The Administration strongly supports Senate passage of S. 2685, the USA FREEDOM Act. In January, the President called on Congress to enact important changes to the Foreign Intelligence Surveillance Act (FISA) that would keep our Nation safe, while enhancing privacy and better safeguarding our civil liberties. This past spring, a broad bipartisan majority of the House passed a bill that answered the President’s call. S. 2685 carefully builds on the good work done in the House and has won the support of privacy and civil liberties advocates and the private sector, including significant members of the technology community. As the Attorney General and the Director of National Intelligence stated in a letter dated September 2, 2014, the bill is a reasonable compromise that enhances privacy and civil liberties and increases transparency.
The bill strengthens the FISA’s privacy and civil liberties protections, while preserving essential authorities that our intelligence and law enforcement professionals need.
It says the bill ends bulk collection which might be a useful record if the President used a definition besides “without any discriminator,” but that is what he is on the record as meaning by “bulk.”
The bill would prohibit bulk collection through the use of Section 215, FISA pen registers, and National Security Letters while maintaining critical authorities to conduct more targeted collection. The Attorney General and the Director of National Intelligence have indicated that the bill will retain the essential operational capabilities of the existing bulk telephone metadata program while eliminating bulk collection, based on communications providers’ existing practices.
Perhaps the most troubling part of Obama’s statement, however, is its endorsement of John Bates’ language about the amicus as echoed by James Clapper and Eric Holder, which among other things said that the amicus could not be required to represent the interests of civil liberties and privacy.
The bill also authorizes an independent voice in significant cases before the Foreign Intelligence Surveillance Court (FISC) — the Administration is aware of the concerns with regard to this issue, as outlined in the letter from the Attorney General and the Director of National Intelligence, and the Administration anticipates that Congress will address those concerns. Finally, the bill will enhance transparency by expanding the amount of information providers can disclose and increasing public reporting requirements.
In sum, this legislation will help strengthen Americans’ confidence in the Government’s use of these important national security authorities. Without passage of this bill, critical authorities that are appropriately reformed in this legislation could expire next summer. The Administration urges Congress to take action on this legislation now, since delay may subject these important national security authorities to brinksmanship and uncertainty.
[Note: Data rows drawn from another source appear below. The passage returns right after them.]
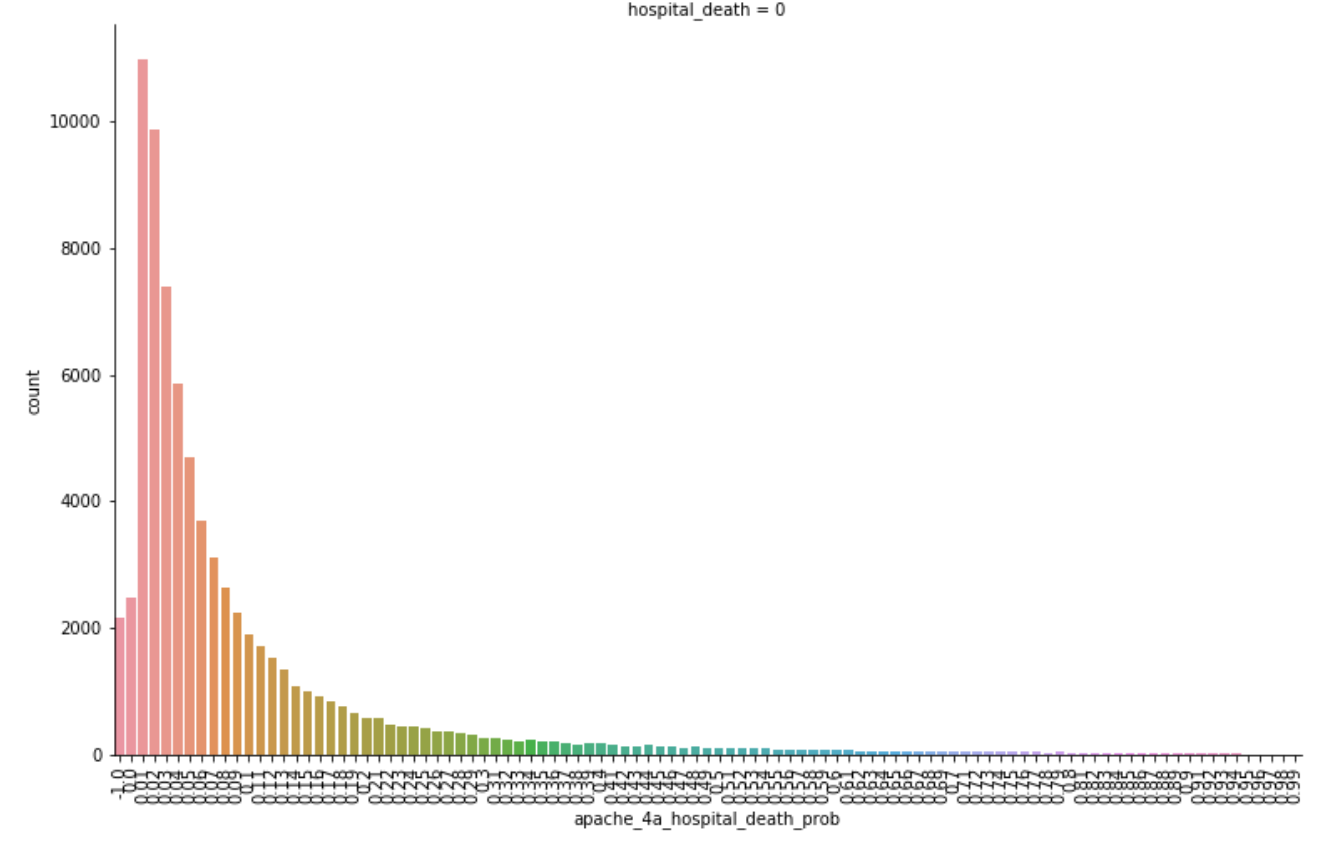 a barchart showing the total count of apache 4a hospital death probability scores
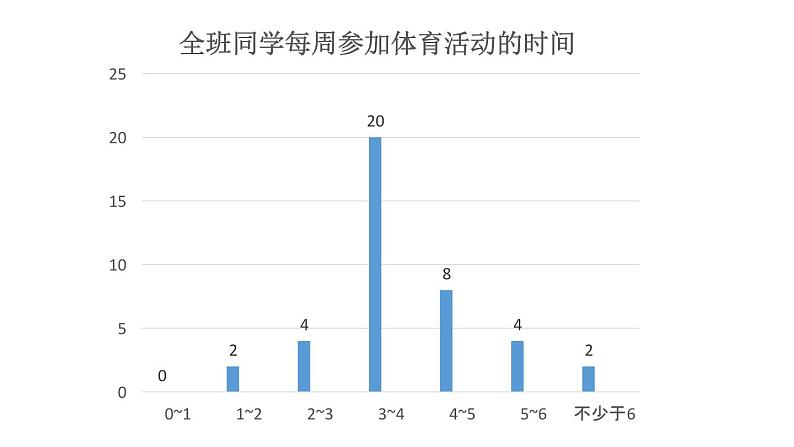 初中数学新北师大版七年级上册6.2第1课时 数据的收集教学课件2024秋第6页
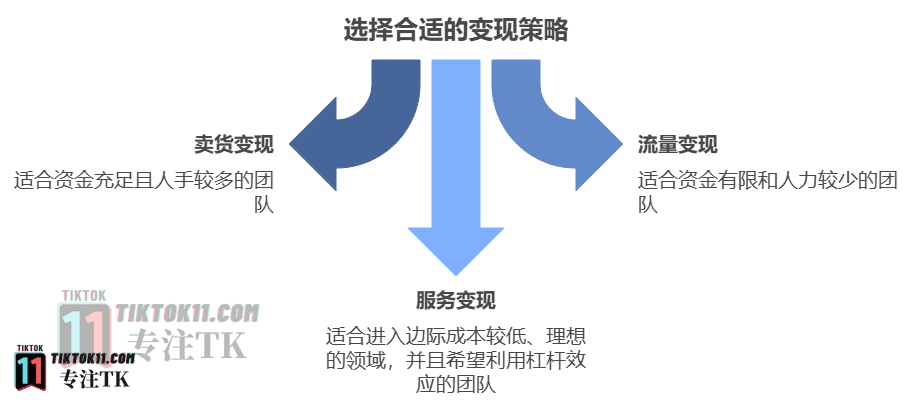 tiktok小白如何选择变现路径？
The Administration urges the Senate to pass the USA FREEDOM Act and for the House to act expeditiously so that the President can sign legislation into law this year. [my emphasis]
As I said here, the designed impotence of the amicus is not a reason to oppose the bill; it’s just a reason to expect to have to wait 9 years before it becomes functional, as happened with PCLOB. Still, it is very very troubling that given all the evidence that the Executive has been abusing the process of the FISC for a decade, the Executive is moving to ensure they’ll still be able to do so.